**INSTRUCTIONS TO FOLLOW**: Write every record out again exactly as given.

# # # #

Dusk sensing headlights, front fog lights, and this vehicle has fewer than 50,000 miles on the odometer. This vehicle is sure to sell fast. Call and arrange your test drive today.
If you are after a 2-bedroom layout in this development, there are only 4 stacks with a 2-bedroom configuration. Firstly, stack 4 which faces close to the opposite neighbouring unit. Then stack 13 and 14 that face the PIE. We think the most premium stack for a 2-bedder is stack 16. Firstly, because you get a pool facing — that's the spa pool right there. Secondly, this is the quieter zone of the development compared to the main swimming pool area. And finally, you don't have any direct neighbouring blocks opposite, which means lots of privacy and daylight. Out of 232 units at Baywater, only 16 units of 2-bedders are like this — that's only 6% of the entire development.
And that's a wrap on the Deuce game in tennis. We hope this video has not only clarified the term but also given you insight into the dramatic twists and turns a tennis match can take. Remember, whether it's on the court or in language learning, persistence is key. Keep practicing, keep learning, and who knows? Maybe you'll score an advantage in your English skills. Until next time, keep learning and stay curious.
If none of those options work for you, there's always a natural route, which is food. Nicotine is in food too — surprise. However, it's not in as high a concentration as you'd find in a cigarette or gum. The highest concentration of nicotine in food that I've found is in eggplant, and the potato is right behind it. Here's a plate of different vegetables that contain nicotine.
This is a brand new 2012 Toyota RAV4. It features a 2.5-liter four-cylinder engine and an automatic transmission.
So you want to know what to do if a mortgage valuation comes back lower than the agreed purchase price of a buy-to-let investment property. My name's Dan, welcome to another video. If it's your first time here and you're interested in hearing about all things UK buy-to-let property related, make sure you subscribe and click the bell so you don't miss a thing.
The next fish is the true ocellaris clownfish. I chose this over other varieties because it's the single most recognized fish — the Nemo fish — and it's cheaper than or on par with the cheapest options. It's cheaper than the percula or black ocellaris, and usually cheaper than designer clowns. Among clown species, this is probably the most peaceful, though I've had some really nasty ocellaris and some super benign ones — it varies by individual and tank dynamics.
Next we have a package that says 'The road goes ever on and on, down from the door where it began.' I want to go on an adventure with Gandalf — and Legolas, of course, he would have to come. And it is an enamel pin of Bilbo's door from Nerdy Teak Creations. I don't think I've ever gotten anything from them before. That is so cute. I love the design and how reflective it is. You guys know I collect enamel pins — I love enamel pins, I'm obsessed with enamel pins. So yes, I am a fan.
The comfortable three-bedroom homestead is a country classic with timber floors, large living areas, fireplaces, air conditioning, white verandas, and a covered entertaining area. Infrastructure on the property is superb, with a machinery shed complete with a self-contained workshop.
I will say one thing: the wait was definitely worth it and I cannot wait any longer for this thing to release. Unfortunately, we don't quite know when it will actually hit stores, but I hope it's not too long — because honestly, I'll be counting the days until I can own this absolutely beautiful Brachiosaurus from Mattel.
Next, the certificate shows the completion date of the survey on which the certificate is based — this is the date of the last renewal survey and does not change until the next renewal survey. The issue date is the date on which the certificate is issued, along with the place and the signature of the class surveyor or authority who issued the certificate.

# # # #

**RESULT OF THE EXERCISE**:
Dusk sensing headlights, front fog lights, and this vehicle has fewer than 50,000 miles on the odometer. This vehicle is sure to sell fast. Call and arrange your test drive today.
If you are after a 2-bedroom layout in this development, there are only 4 stacks with a 2-bedroom configuration. Firstly, stack 4 which faces close to the opposite neighbouring unit. Then stack 13 and 14 that face the PIE. We think the most premium stack for a 2-bedder is stack 16. Firstly, because you get a pool facing — that's the spa pool right there. Secondly, this is the quieter zone of the development compared to the main swimming pool area. And finally, you don't have any direct neighbouring blocks opposite, which means lots of privacy and daylight. Out of 232 units at Baywater, only 16 units of 2-bedders are like this — that's only 6% of the entire development.
And that's a wrap on the Deuce game in tennis. We hope this video has not only clarified the term but also given you insight into the dramatic twists and turns a tennis match can take. Remember, whether it's on the court or in language learning, persistence is key. Keep practicing, keep learning, and who knows? Maybe you'll score an advantage in your English skills. Until next time, keep learning and stay curious.
If none of those options work for you, there's always a natural route, which is food. Nicotine is in food too — surprise. However, it's not in as high a concentration as you'd find in a cigarette or gum. The highest concentration of nicotine in food that I've found is in eggplant, and the potato is right behind it. Here's a plate of different vegetables that contain nicotine.
This is a brand new 2012 Toyota RAV4. It features a 2.5-liter four-cylinder engine and an automatic transmission.
So you want to know what to do if a mortgage valuation comes back lower than the agreed purchase price of a buy-to-let investment property. My name's Dan, welcome to another video. If it's your first time here and you're interested in hearing about all things UK buy-to-let property related, make sure you subscribe and click the bell so you don't miss a thing.
The next fish is the true ocellaris clownfish. I chose this over other varieties because it's the single most recognized fish — the Nemo fish — and it's cheaper than or on par with the cheapest options. It's cheaper than the percula or black ocellaris, and usually cheaper than designer clowns. Among clown species, this is probably the most peaceful, though I've had some really nasty ocellaris and some super benign ones — it varies by individual and tank dynamics.
Next we have a package that says 'The road goes ever on and on, down from the door where it began.' I want to go on an adventure with Gandalf — and Legolas, of course, he would have to come. And it is an enamel pin of Bilbo's door from Nerdy Teak Creations. I don't think I've ever gotten anything from them before. That is so cute. I love the design and how reflective it is. You guys know I collect enamel pins — I love enamel pins, I'm obsessed with enamel pins. So yes, I am a fan.
The comfortable three-bedroom homestead is a country classic with timber floors, large living areas, fireplaces, air conditioning, white verandas, and a covered entertaining area. Infrastructure on the property is superb, with a machinery shed complete with a self-contained workshop.
I will say one thing: the wait was definitely worth it and I cannot wait any longer for this thing to release. Unfortunately, we don't quite know when it will actually hit stores, but I hope it's not too long — because honestly, I'll be counting the days until I can own this absolutely beautiful Brachiosaurus from Mattel.
Next, the certificate shows the completion date of the survey on which the certificate is based — this is the date of the last renewal survey and does not change until the next renewal survey. The issue date is the date on which the certificate is issued, along with the place and the signature of the class surveyor or authority who issued the certificate.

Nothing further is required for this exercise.